They don’t make New Yorkers like Mary Sheahan anymore. My Grandmother immigrated from Ireland and went through Ellis Island as a child in 1925. She grew up in the Mott Haven section of The Bronx. She raised seven children in The Bronx and is a grandmother to nine and a great grandmother to three. My Grandmother remained in The Bronx as long as possible and then stayed a little longer. She has never been far from the city and still visits frequently. Her last child left the five boroughs only a few years ago (after living in the city more than 60 years) and she has two grandchildren living here now.

No person I have ever met represents unconditional love and the joy of living and loving family like my grandmother. You would be hard pressed to meet a better person in all of the world. Go ahead and try. You might find someone you think is pretty good but they won’t hold a candle to my grandmother. If you think you’ve got someone who can compare in kindness and sweetness I’m sure you’ll find something terrible if you dig a little deeper, like they torture cats in their spare time or something.

My grandmother is so sweet she even gives homes to insane dogs, like her current pet, Misty, a friendly but mentally ill and hyperactive beast who would be put into Kung Pao form in no time if it were up to anyone else other than Grandma. I don’t know how she manages to walk that crazy animal at age 90 but she manages somehow. I always make a point to walk that damn dog when I visit her so she’ll have at least a few hours of freedom from it.

But that’s one of the minor points about my grandmother’s excellence. Having her as my Grandma has been a great privilege. In my younger years, especially when I was a teenager, I was a jaded and angry person who hated the world.

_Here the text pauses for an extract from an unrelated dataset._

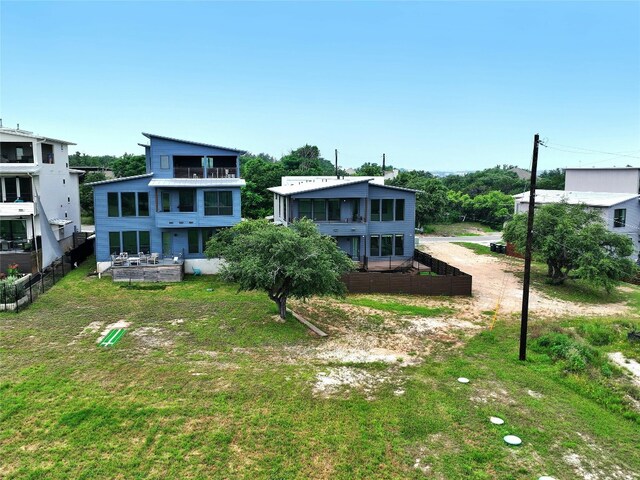 rear view of property featuring a lawn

Even today I find it hard not to consider much of the world and the people in it loathsome. But no one can keep that disposition for long in the presence of my grandmother. Even in my angriest and most obnoxious teenage years when I thought it might be cool to murder my parents and live the life of an itinerant assassin for hire, I could never find it in my black heart to think a mean thought about my grandmother.

My grandmother’s wit is sharp as ever and she stays active. She can still drive and she walks under her own power, and I still try and promote the idea that she secretly runs a criminal empire and is just successful at not getting caught. It would be fun to learn that my Grandma has strangled mobsters with piano wire and brained drug lords with shovels.

It was great to introduce my own daughters to my grandmother and to take photos of her with her kids, most of her grandkids and all of her great grandkids. Grandma was happy as ever to have so many of her family in one place at one time. Her children and grandchildren now live all over the country. Family flew in from as far away as Georgia and Wisconsin to celebrate Mary Sheahan’s 90th birthday.

I am exceptionally lucky to have the family I have. And my family is exceptionally fortunate to have Mary Sheahan as its matriarch.